The prescription for change offered 40 years ago in “The Sometime Governments” has run its course, but legislatures still face plenty of institutional challenges.

The challenges of today’s legislatures are complex. They involve questions of integrity, will, commitment and trust, and the solutions are not at all clear. The realities of today’s government and politics require a new approach to strengthen legislatures. What’s needed is a process that clarifies the current problems, what changes are needed and how to put those remedies into place.

In the 1970s, the Citizens Conference on State Legislatures launched a remarkable movement to strengthen our nation’s legislatures by publishing “The Sometime Governments: An Evaluation of the 50 American Legislatures.”

The book included sweeping recommendations for change. The guidelines were designed to give legislatures more resources of time, compensation, staff and facilities. Forty years later, that agenda for reform has been largely accomplished or is no longer as relevant.

In large measure, “The Sometime Governments” succeeded in igniting two decades of effort by legislatures in every state to build capacity—the amount of session time, the number of members, committee organization, facilities and staffing.

It provided state-specific marching orders and a battle plan to reform-minded political troops ready and able to carry out its agenda. At the time of its publication, American politics were in transition. The one-person, one-vote court decisions of the 1960s and subsequent redistricting after the 1970 census opened state legislatures to a surge of new members in the 1974 elections.

They were a generation inspired by Kennedy, but also battered by the Vietnam War and the Watergate scandal. Armed with ideas set out in “The Sometimes Governments” and fueled by private foundation support, they transformed state legislatures.

For the next two decades, legislative leaders in almost every state engaged their members, the public and others concerned about legislatures in efforts to redesign and rebuild their institutions. These efforts were historic in scope and accomplishment. Legislatures became more muscular, agile, intelligent and independent than at any other time in American history.
The reform agenda of “The Sometime Governments” fell on hard times in the 1990s. There was a backlash, fueled by growing public cynicism about government, that developed against what political scientists call the “professionalization” of state legislatures. In almost all of the 24 states that allow voter initiatives, measures were placed on the ballot to limit the terms of state lawmakers. Virtually all of them passed, though some were later invalidated by courts or repealed, leaving 15 states today with term limits.

An NCSL study in 2007 showed term limits had significantly weakened state legislatures, especially in relation to the governor. Other initiatives placed limits on the tax and spending powers of legislatures in many states.

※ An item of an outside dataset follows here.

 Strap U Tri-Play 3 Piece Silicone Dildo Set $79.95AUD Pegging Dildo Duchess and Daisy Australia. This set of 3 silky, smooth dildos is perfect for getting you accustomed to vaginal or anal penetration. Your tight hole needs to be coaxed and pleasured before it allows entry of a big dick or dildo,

In this atmosphere of public distrust and cynicism toward government, it became difficult for legislatures to strengthen and grow in the fashion ad-vocated by “The Sometime Governments.” In the last 20 years—outside of the area of technology, which has its own momentum and societal drive—legislatures mostly have stopped taking steps such as adding staff, building more facilities or increasing the amount of time spent on the job. By the 1990s, the Citizens Conference’s recommendations had run their course. They had done their job of stimulating positive change.

Problems Persist

While some of the issues raised in “The Sometime Governments” have been resolved, new ones have emerged.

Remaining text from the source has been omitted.